Hans Ditlev Franciscus (Frants) von Linstow (4 May 1787 – 10 June 1851) was a Danish/Norwegian architect who designed the Royal Palace in Oslo and much of the surrounding park and the street Karl Johans gate.

==Background==
Hans Ditlev Franciscus von Linstow was born in Hørsholm, Denmark. His parents were Hartvig Christoph von Linstow (1740–1823) and Charlotta Benedicta Eleonora von der Lühe (1753–1837). Linstow belonged to a noble family from Mecklenburg who were naturalized in Denmark. He grew up in Hirschholm Castle (Hirschholm Slot) in Hørsholm. He matriculated in 1805 and earned a law degree at Copenhagen University in 1812. He first studied painting and drawings at the Art Academy in Copenhagen, Denmark, while he at the same time studied law.

==Career==
After finalizing these studies in 1812, he went to Kongsberg, Norway (which then was united with Denmark) and studied in 1812–1814 at the so-called Bergakademiet, which educated military engineers. He did not, however, complete this military education, but studied architecture at the same time. He worked at the Danish Royal Court in 1814, but at the dissolution of the union between Denmark and Norway the same year, he went to Norway and worked in 1815–1820 as a military lawyer at the cavalry. In 1818, he was one of the initiators of the Norwegian National Academy of Craft and Art Industry in Christiania. He taught, first plaster, and later building construction until he took his leave in 1840.

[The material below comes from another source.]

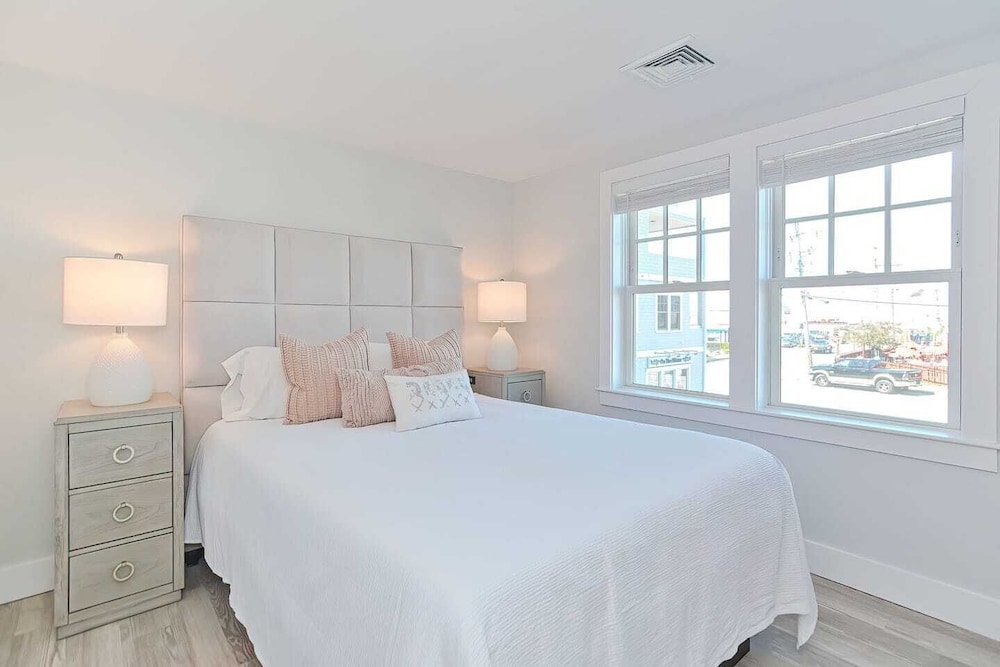 Luxury Condo, 1 Bedroom, Courtyard View (205) photo 3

In 1823, he was commissioned to design the new Royal Palace (Det Kongelige Slott) in Christiania and create the surrounding park, where he also drew the guards' house. He also helped his friend, the writer Henrik Wergeland in constructing his new house Grotten in the outskirts of the park. Both these buildings are examples of his early use of the Swiss chalet style in his drawings.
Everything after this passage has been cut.